The cover for the book, "Elvis in Vegas: How the King Reinvented the Las Vegas Show," by Richard Zoglin
Excerpted from Elvis in Vegas: How the King Reinvented the Las Vegas Show by Richard Zoglin. Copyright © 2019 by Richard Zoglin. Reprinted by permission of Simon & Schuster, Inc.

But as ever more modern and luxurious hotels opened along the Strip, the Last Frontier decided it was time for an update, and in early 1955 the hotel closed down, gave itself a makeover, and reopened as the New Frontier.
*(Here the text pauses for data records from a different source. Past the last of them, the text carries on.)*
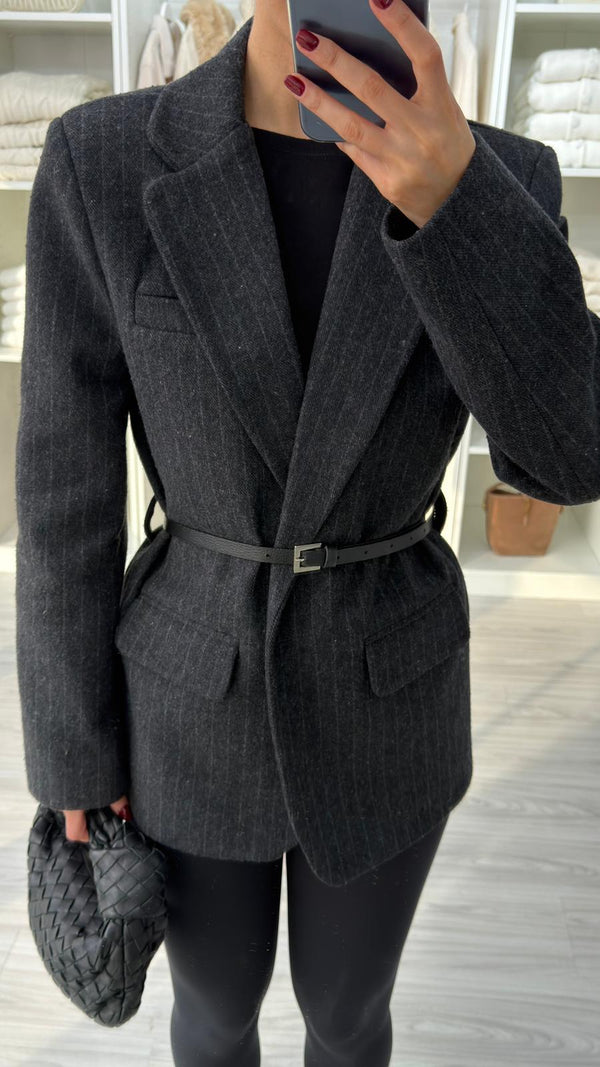 جكيت رسمي جوخ - اسود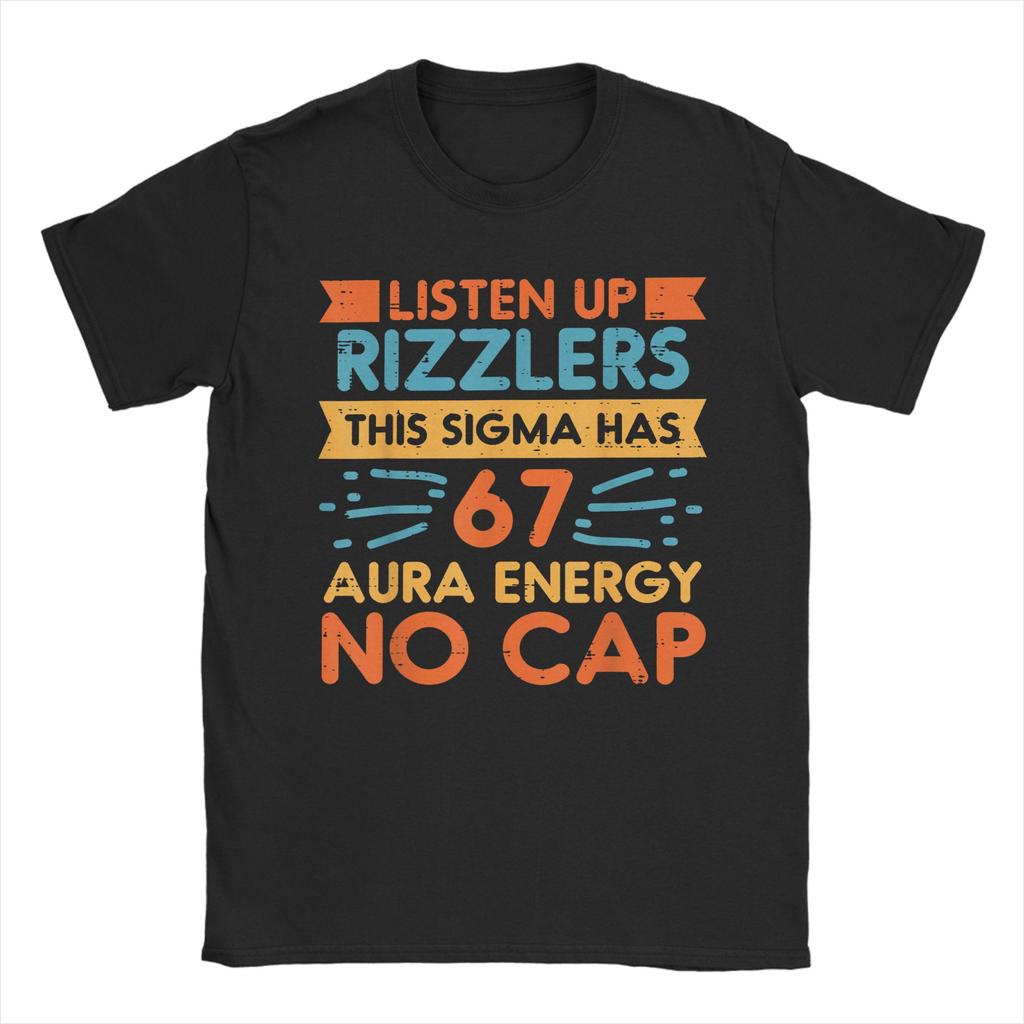 Vintage T-Shirt Summer Listen Up Rizzlers This Has 67 Energy Skeleton Popular T Shirts  for Short Sleeve Tees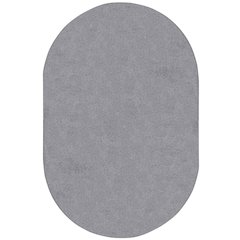 Kid Essentials Endurance 6' x 9' Oval Area Rug in Color Silver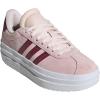 imageadidas UnisexChild Vl Court 30 LaceupLegacy SneakerWonder QuartzShadow RedWhite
The old Western-themed showroom was transformed into the spiffy new thousand-seat Venus Room, with five tiered rows of booths and an expansive stage, “with sides running to such length that the whole thing looks like a gigantic cinemascope screen,” in the words of one awed reporter.

The hotel’s grand reopening in April 1955 was something of a disaster. Mario Lanza, the internationally renowned opera singer and movie star, was booked as the opening headliner, but he suffered a meltdown before the show — an ­attack of stage fright compounded by drinking — and never set foot onstage. After an hour’s delay, the hotel announced that Lanza had laryngitis, and Jimmy Durante appeared as a last-minute replacement. (Too last-minute for Las Vegas Sun columnist Ralph Pearl, who filed his review early to make his deadline and raved about Lanza’s phantom performance. “Seldom in the history of this town,” he wrote, “has a star done a greater show or received a greater standing ovation.”)

One year later the New Frontier played host to the Las Vegas debut of another, very different performer. He was nervous, too, but he did show up — though many in the audience were probably mystified as to what he was doing there. On April 23, 1956, Elvis Presley came to town.

The 21-year-old rockabilly sensation from Memphis was in the midst of his phenomenal breakthrough year. Elvis Aron Presley recorded his first RCA single, “Heartbreak Hotel,” in January. By April he had the No. 1 record in America; his gyrating TV appearances, on Tommy Dorsey’s variety show and The Milton Berle Show, were the talk of the country; and Paramount Pictures had signed him to a movie contract.

“No check is any good,” said Elvis’s manager Colonel Tom Parker. “They’re testing an atom bomb out there in the desert. What if someone pushed the wrong button?”

Elvis appearing in Vegas was his manager Colonel Tom Parker’s idea, and not a very good one. Elvis’s frenetic rock ’n’ roll performances, which were causing such a sensation in the rest of the country, were hardly geared for a crowd of middle-aged Vegas showgoers. Yet there he was at the New Frontier, touted as “The Atomic-Powered Singer” (in a town where people could watch real atomic tests taking place in the Nevada desert nearby), the “extra added attraction” on a bill headed by Freddy Martin’s orchestra and comedian Shecky Greene. Elvis got paid $15,000 for the two-week gig, and the Colonel asked for it in cash. “No check is any good,” he said. “They’re testing an atom bomb out there in the desert. What if someone pushed the wrong button?”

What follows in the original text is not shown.